_Your task_: The answer must be only the lines below from the one holding "Total Graph of Rangerrales5" down to the one holding "Промышленный робот KUKA", ends included, printed exactly; please omit all pictures.

_Stored data_:
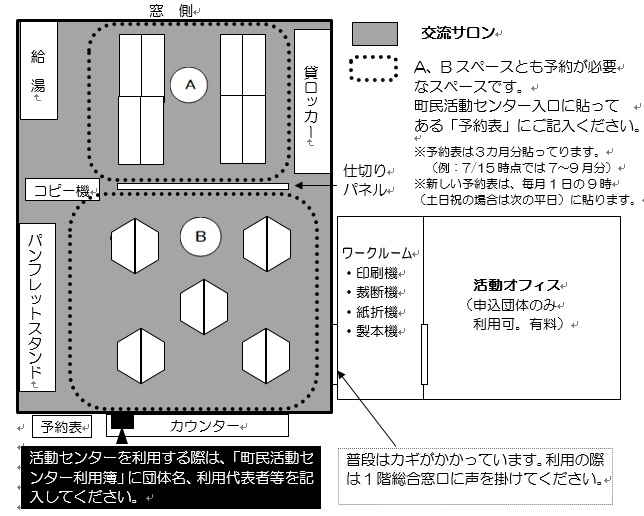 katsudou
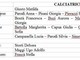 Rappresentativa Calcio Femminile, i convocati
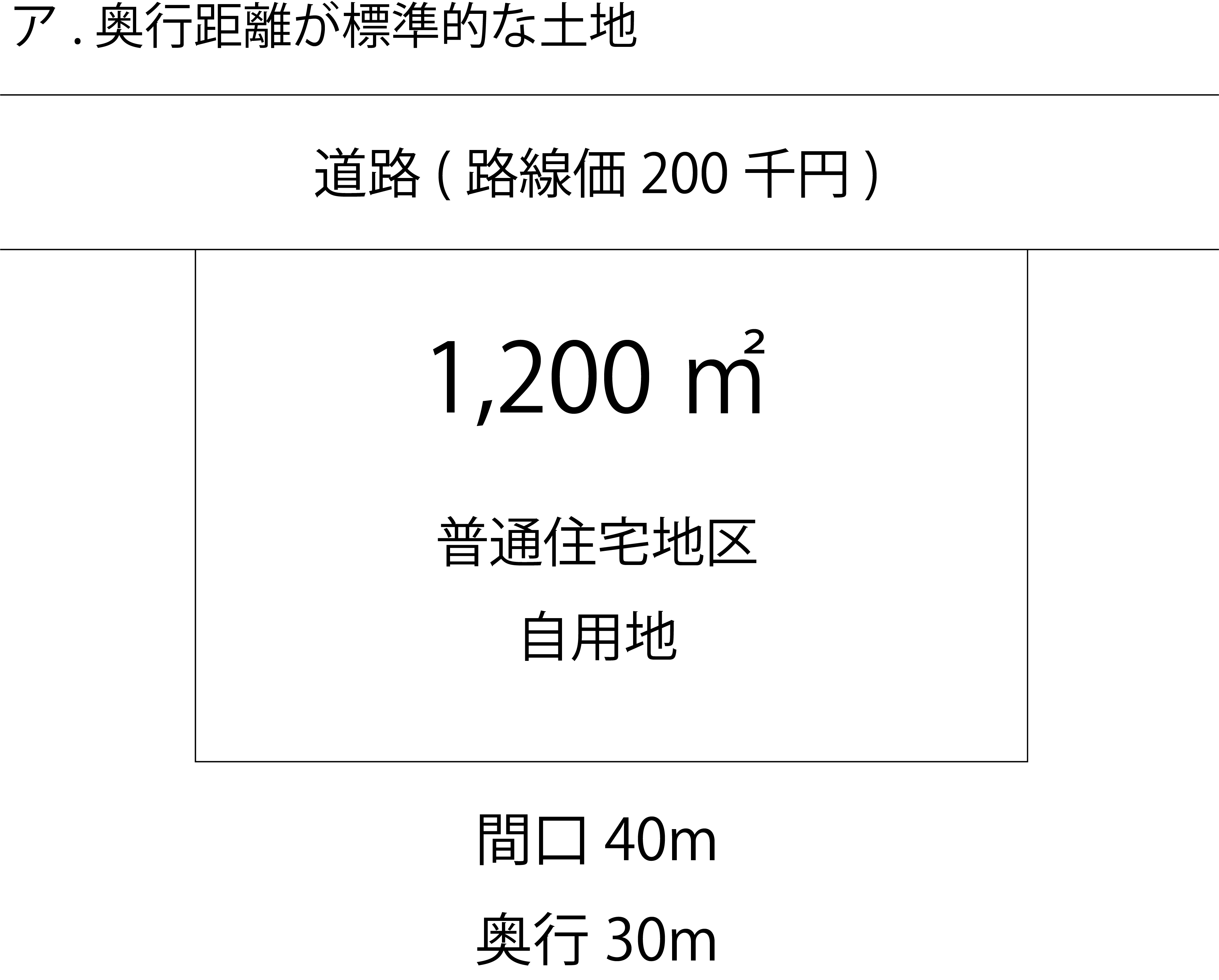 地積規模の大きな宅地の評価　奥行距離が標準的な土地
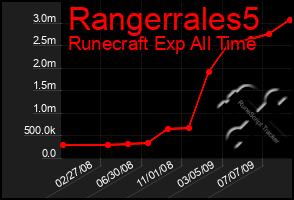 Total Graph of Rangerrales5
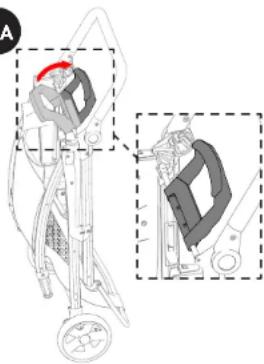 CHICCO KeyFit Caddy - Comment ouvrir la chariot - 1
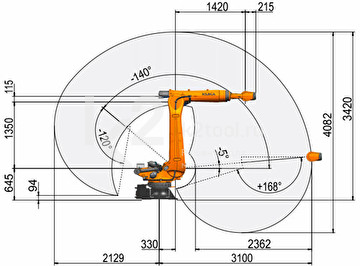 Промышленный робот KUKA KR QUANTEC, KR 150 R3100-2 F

* * *

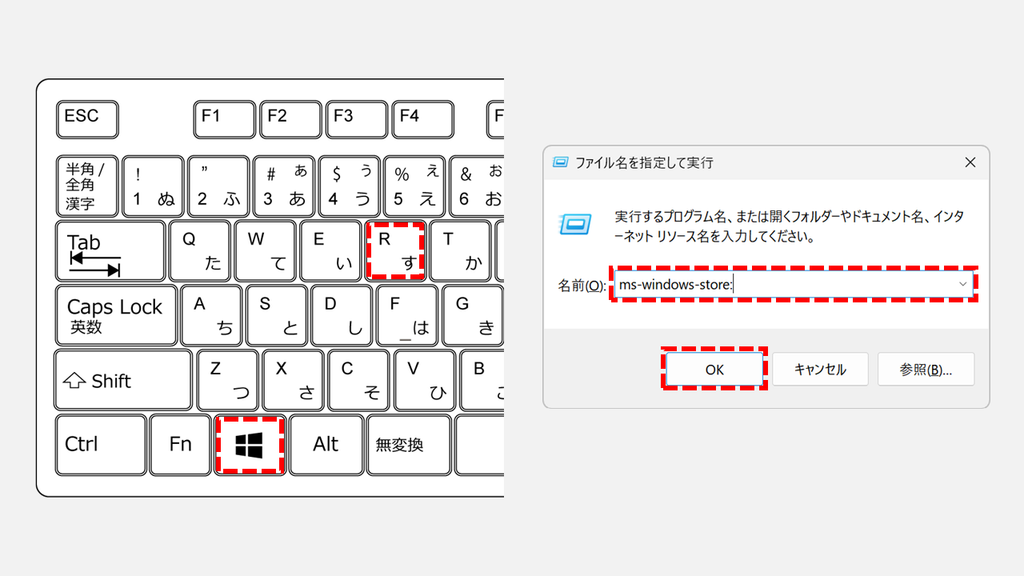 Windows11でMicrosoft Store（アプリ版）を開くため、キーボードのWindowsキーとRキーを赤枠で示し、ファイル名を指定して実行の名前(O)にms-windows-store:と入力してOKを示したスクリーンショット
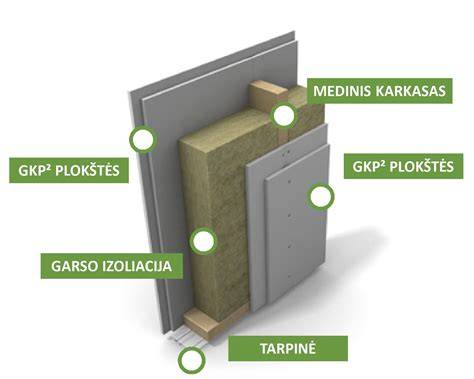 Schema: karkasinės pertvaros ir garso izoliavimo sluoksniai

_Solution_:
 Total Graph of Rangerrales5
 CHICCO KeyFit Caddy - Comment ouvrir la chariot - 1
 Промышленный робот KUKA KR QUANTEC, KR 150 R3100-2 F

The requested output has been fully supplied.